=== Dataset extract ===
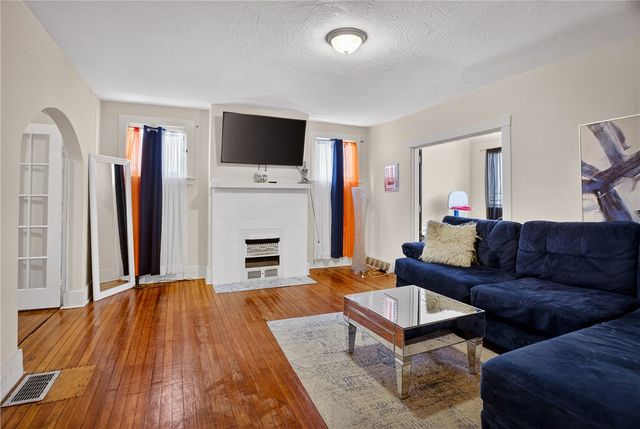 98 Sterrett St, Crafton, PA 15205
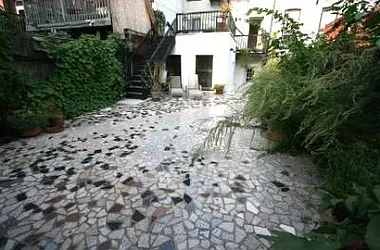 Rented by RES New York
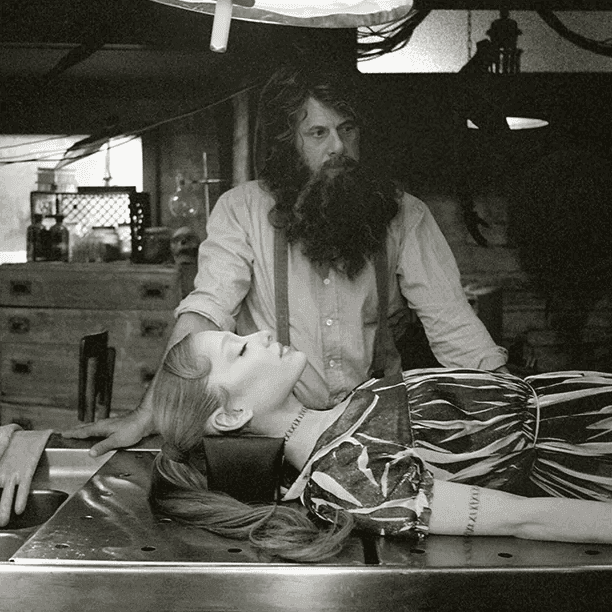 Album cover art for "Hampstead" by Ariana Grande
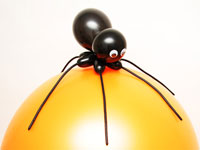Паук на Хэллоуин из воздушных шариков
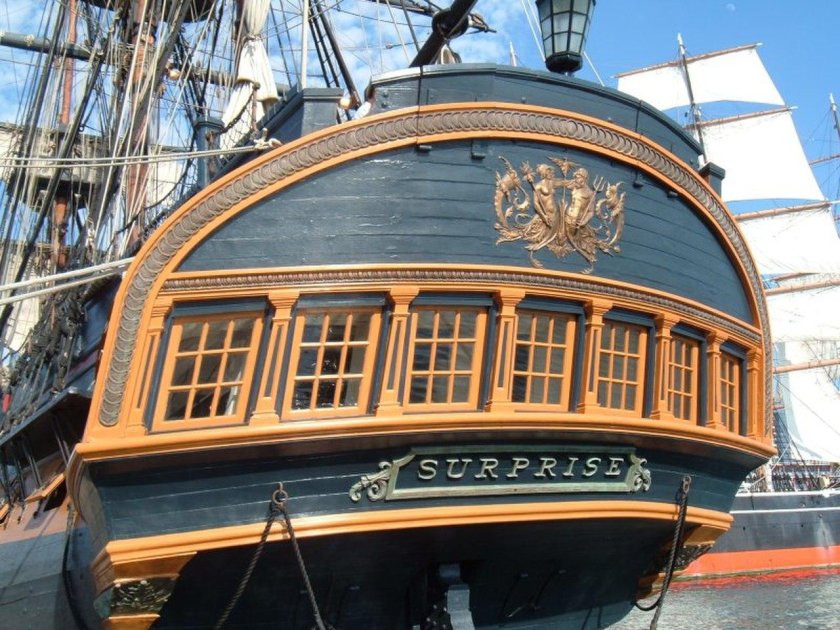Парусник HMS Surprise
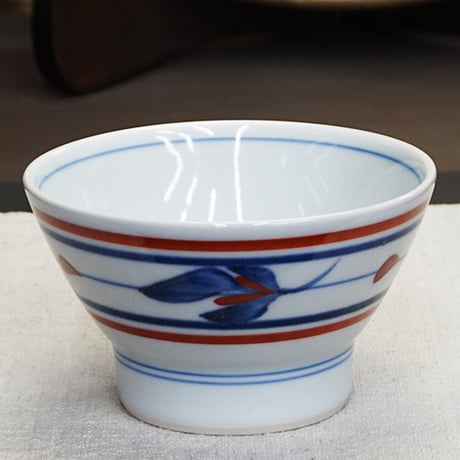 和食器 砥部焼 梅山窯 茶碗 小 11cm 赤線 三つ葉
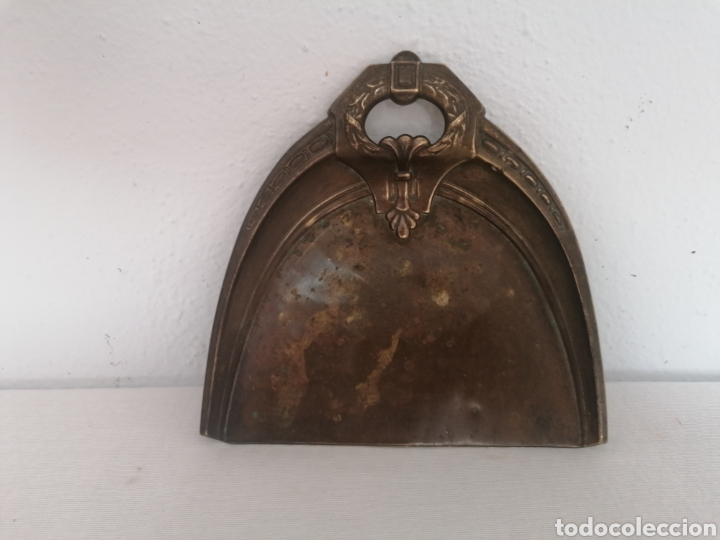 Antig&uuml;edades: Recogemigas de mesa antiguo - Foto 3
===
### Exercise:
Set down every entry above verbatim, without pictures.

### Finished task:
 98 Sterrett St, Crafton, PA 15205
 Rented by RES New York
 Album cover art for "Hampstead" by Ariana Grande
Паук на Хэллоуин из воздушных шариков
Парусник HMS Surprise
 和食器 砥部焼 梅山窯 茶碗 小 11cm 赤線 三つ葉
 Antig&uuml;edades: Recogemigas de mesa antiguo - Foto 3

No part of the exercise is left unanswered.